While TIHYGT masquerades as moral lesson, in practice, the phrase is wielded as schadenfreude, even menace. “That thing you, my liberal friend, hold dear? That was the instrument of your doom. And I’m not going to pretend Trump is going to be good for you. You will hate every minute of it.”
Like so much of our current debate, TIHYGT is a flex. No one who tweets “learn to code” at a laid-off journalist expects them to pick up a new trade. And there are no illusions that Democrats will question their values as the result of an election they view as freakish, if not illegitimate.
Whatever enjoyment comes from reminding liberals of their shortcomings is fleeting.
Republicans should worry that the left will soon be playing the same game: the rule book is out, and punishing your foes is a higher virtue than rewarding your friends.
A radicalized class of House Democratic freshmen and the left’s flirtations with socialism offer hints of how a Trumpified GOP might soon be hearing, “This is how you got Alexandria Ocasio-Cortez.”
Last week, Democratic presidential aspirants submitted to a positively Bolshevik “Green New Deal” that envisions the end of air travel and rebuilding or retrofitting every building in the country. Democrats who once supported tough anti-illegal immigration measures (including physical barriers) now slouch towards open borders. The Overton Window on marginal tax rates has shifted to serious discussion of a top rate of 70 percent. The gun control debate has moved beyond universal background checks and waiting periods to threats of confiscation by force and pre-purchase social media screenings.
Is this the same party that voted in record numbers for ex-Goldwater Girl and Iraq war-supporter Hillary Clinton? Yes, but it’s also a party that, like a hit dog, hollers for vengeance, with an activist base that views policy moderates like Joe Biden or Amy Klobuchar with suspicion.

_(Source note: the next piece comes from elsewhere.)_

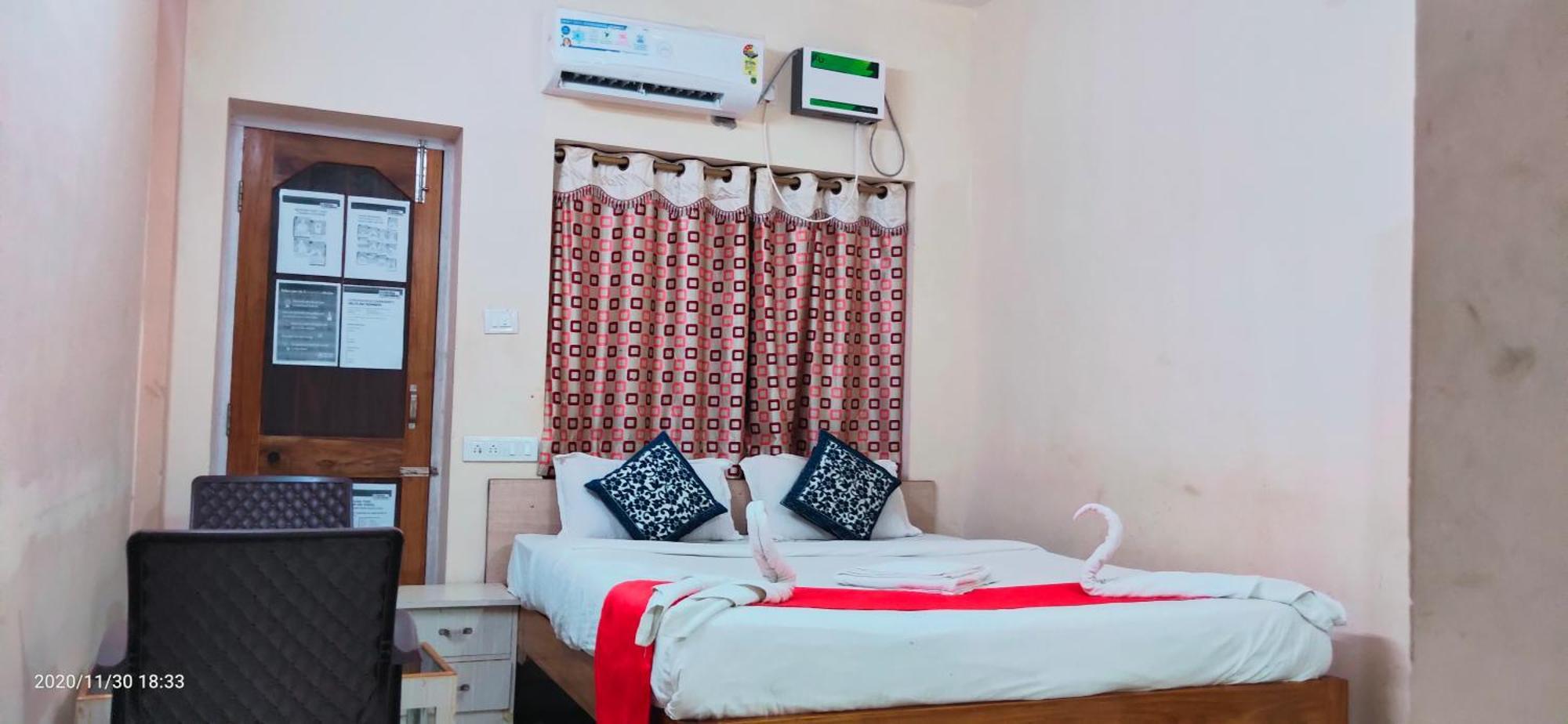 Bay Inn Пури Экстерьер фото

Might Democrats fumble the ball by embracing an agenda that’s dangerously out of step with the American mainstream? Sure. But what was mainstream about a Trump campaign that advocated a ban on Muslim immigrants, or a concrete wall stretching from the Pacific Ocean to the Gulf of Mexico, or a trade war that would imperil our economy for the sake of a few favored industries?
A Democrat could be forgiven for deciding that Trump’s perceived flaws -- his character and his ideas -- were in fact central to his victory. His vulgar cruelty was not an impediment to governance, but evidence of his will to dominate. His proposals were judged not by their extremeness or impracticality, but by the rage and anguish they would evoke among progressives. And when has Trump stumbled? As a Trump supporter lamented to the New York Times during the recent government shutdown, “he’s not hurting the people he needs to be hurting.”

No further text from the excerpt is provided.